## Exercise requirements
Exclude the pictures, then quote exactly the lines from the one holding "スターリーナイトビンセントファンゴッホ ポスター (角)" through the last line of the records.

(Data extracted from a collection)

══════

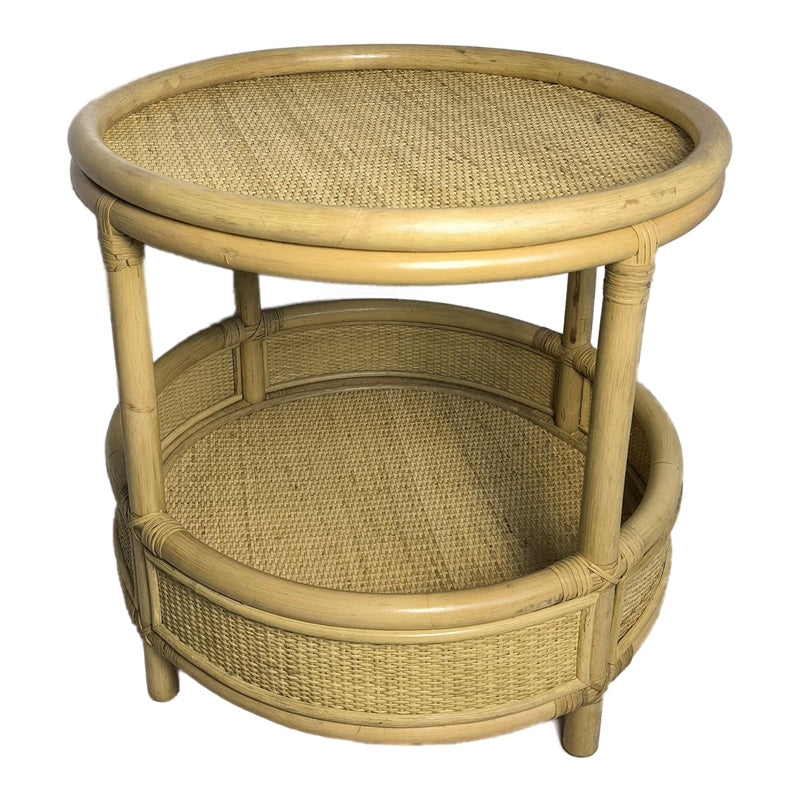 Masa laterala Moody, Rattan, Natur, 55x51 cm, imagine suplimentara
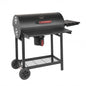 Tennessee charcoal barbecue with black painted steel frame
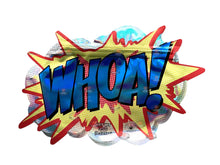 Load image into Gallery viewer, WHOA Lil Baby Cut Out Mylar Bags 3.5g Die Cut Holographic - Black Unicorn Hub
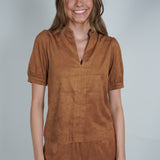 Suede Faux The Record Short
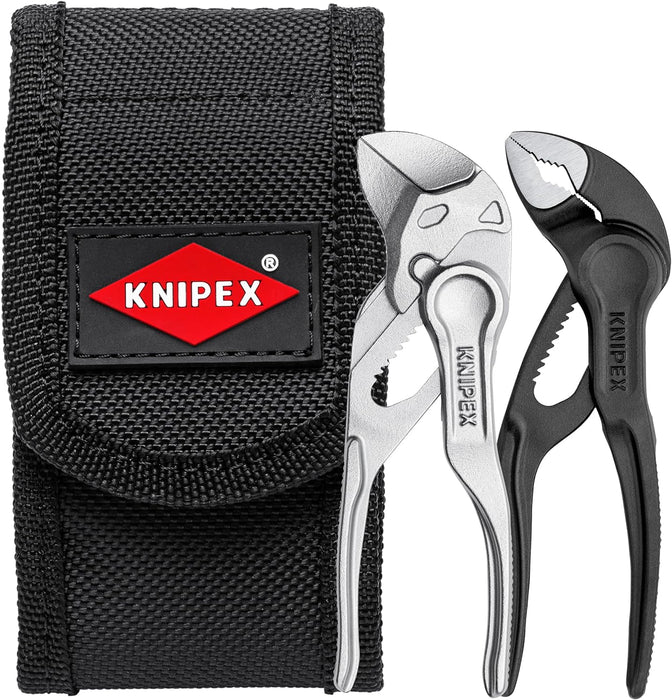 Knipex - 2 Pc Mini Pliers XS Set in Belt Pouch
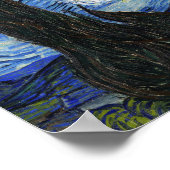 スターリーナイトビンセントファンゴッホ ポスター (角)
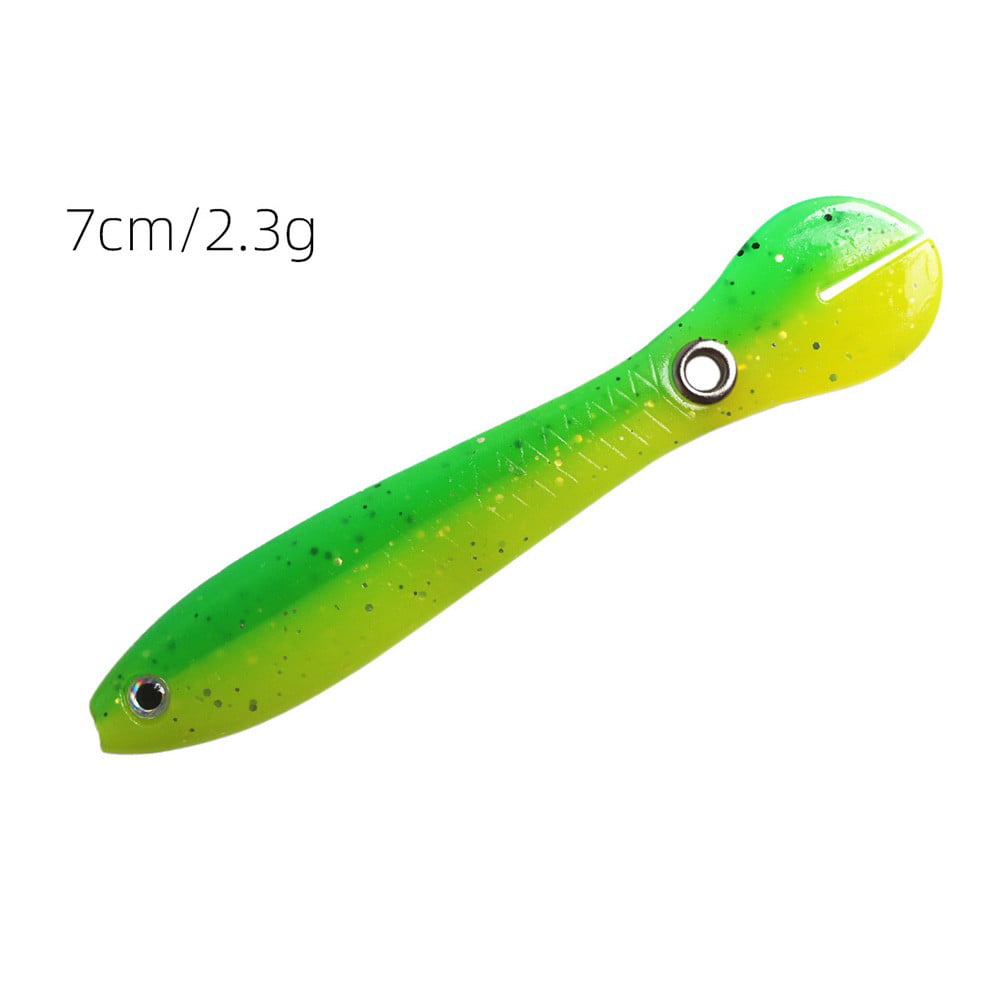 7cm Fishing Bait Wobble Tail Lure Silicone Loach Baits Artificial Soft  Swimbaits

══════

## Task response
 スターリーナイトビンセントファンゴッホ ポスター (角)
 7cm Fishing Bait Wobble Tail Lure Silicone Loach Baits Artificial Soft  Swimbaits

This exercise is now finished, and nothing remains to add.